In January 1951 the airplane was moved to the control of the Ogden Air Material Area, still at Hill AFB, but in November 1951 it was transferred to the 117th Reconnaissance Technical Wing (Tactical Air Command) at Lawson AFB, Georgia. That organization moved to Paris in February 1952 and then the following month relocated to Wiesbaden AB, Germany.
The aircraft accompanied the unit in its travels and was modified to RB-26C configuration in June 1952. The next month it went to the 10th Reconnaissance Technical Wing (USAF Europe) at Toul-Rosiere AB, France. While serving with this organization the plane periodically was assigned to Furstenfieldbruck AB, Neubiberg AB, and Erding AB, Germany. In June 1953 it was transitioned to the 85th Air Defence Wing (USAFE) at Erding AB, Germany, but in July went back to the 10th Reconnaissance Technical Wing (USAFE) at Spangdahlem AB, Germany. March of 1954 saw the plane move to the 737th Maintenance Group (USAFE) at Chateauroux AB, France. The next month it went back to the 10th RTW at Spangdahlem.

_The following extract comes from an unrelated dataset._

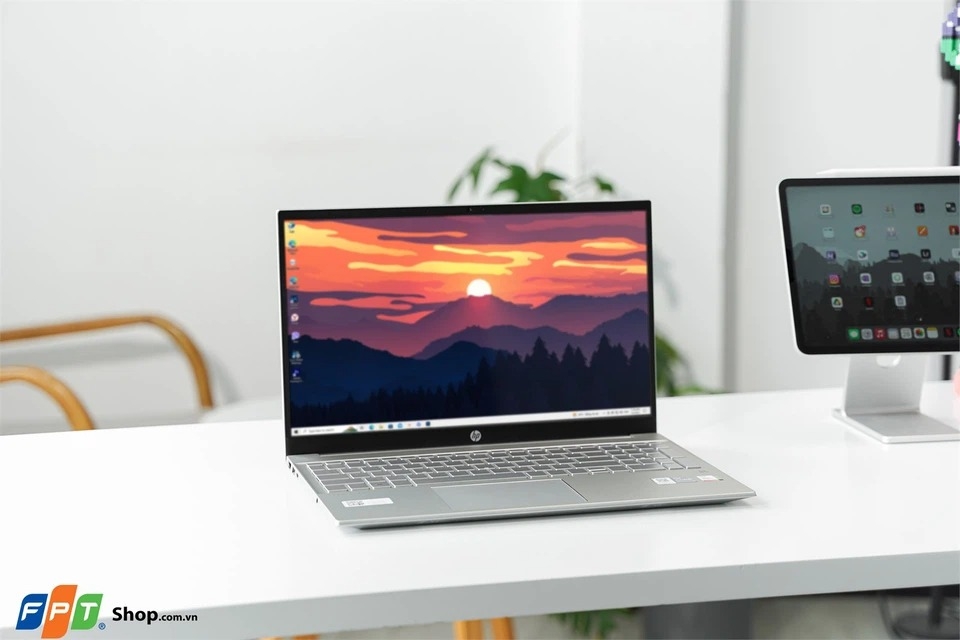 laptop HP Core i5 (hình 1)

In the fall of 1955 the aircraft was sent to Manchester, England, for contract maintenance and then was transferred to the 184th Technical Reconnaissance Squadron (Air National Guard) at Ft. Smith, Arkansas. One year later it went to the 154th Technical Reconnaissance Squadron (ANG) at Adams Field in Little Rock, Arkansas. In the summer of 1957 the aging aircraft was sent to Davis-Monthan AFB in Arizona for long-term storage and then in January 1958 was dropped from the USAF inventory. Later it was sold to Oklahoma Aircraft Corporation, where it was converted into a light transport for civilian use.
On March 17, 1983 the plane was seized by United States Marshalls in a drug raid in California, carrying a heavy load of marijuana. The Air Force flew the aircraft to Travis AFB, California, where it was placed in temporary storage. On January 3, 1984 a federal judge returned the plane to USAF control, but it remained at Travis for several years. Air Force personnel there repainted the aircraft in original USAF markings and placed it on static display. In August 1990 the plane was disassembled and brought by truck to Hill AFB for restoration and display at Hill Aerospace Museum. The old plane had returned "home" to Hill Field.
In January 1991, museum volunteer Roy Marquardt began working with members of the 2849th Combat Logistics Support Squadron from Hill to reassemble and bring this beautiful aircraft back to full military configuration. Since the parts were not available to restore it as an original "C" model, with glazed bombardier nose, it was decided to use the pieces available and rebuild it as a "B" model instead, with a "six-gun" nose. (An "eight-gun" nose was also available, but was in terrible condition due to heavy corrosion.)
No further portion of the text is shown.